- **YOUR INSTRUCTIONS**
Images are to be left out when the records below are printed word for word.

- **MATERIAL SHOWN**
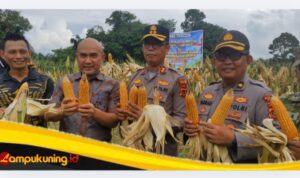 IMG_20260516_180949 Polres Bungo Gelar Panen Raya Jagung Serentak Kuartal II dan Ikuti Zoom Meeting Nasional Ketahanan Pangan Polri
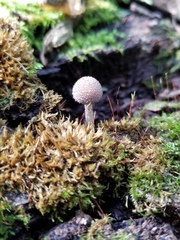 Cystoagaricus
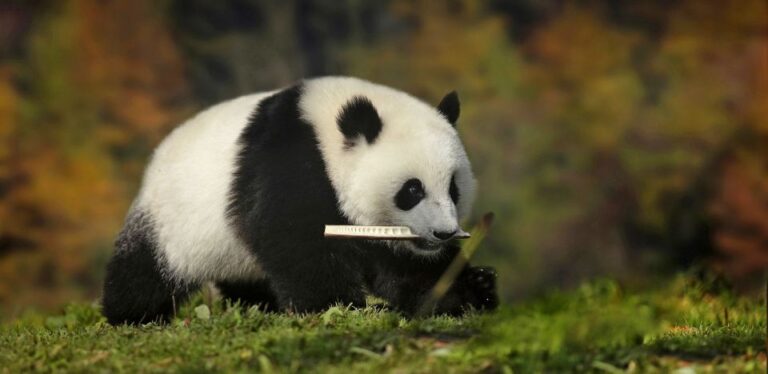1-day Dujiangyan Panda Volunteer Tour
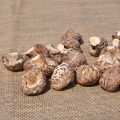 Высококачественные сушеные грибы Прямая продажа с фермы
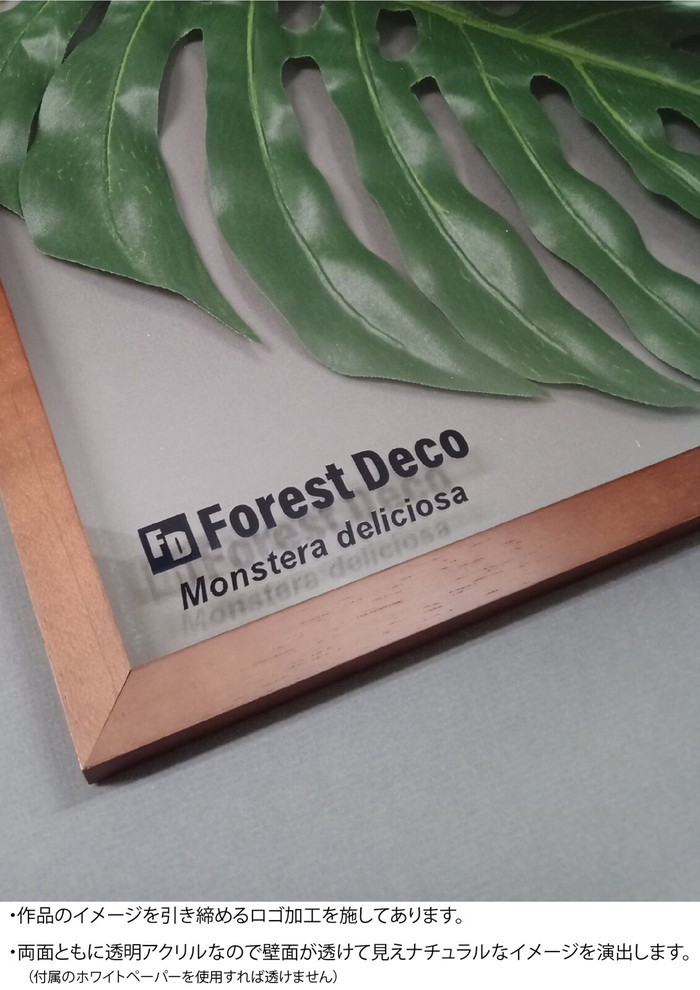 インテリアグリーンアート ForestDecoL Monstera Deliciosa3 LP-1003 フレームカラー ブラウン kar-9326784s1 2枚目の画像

- **SOLVED EXERCISE**
 IMG_20260516_180949 Polres Bungo Gelar Panen Raya Jagung Serentak Kuartal II dan Ikuti Zoom Meeting Nasional Ketahanan Pangan Polri
 Cystoagaricus
1-day Dujiangyan Panda Volunteer Tour
 Высококачественные сушеные грибы Прямая продажа с фермы
 インテリアグリーンアート ForestDecoL Monstera Deliciosa3 LP-1003 フレームカラー ブラウン kar-9326784s1 2枚目の画像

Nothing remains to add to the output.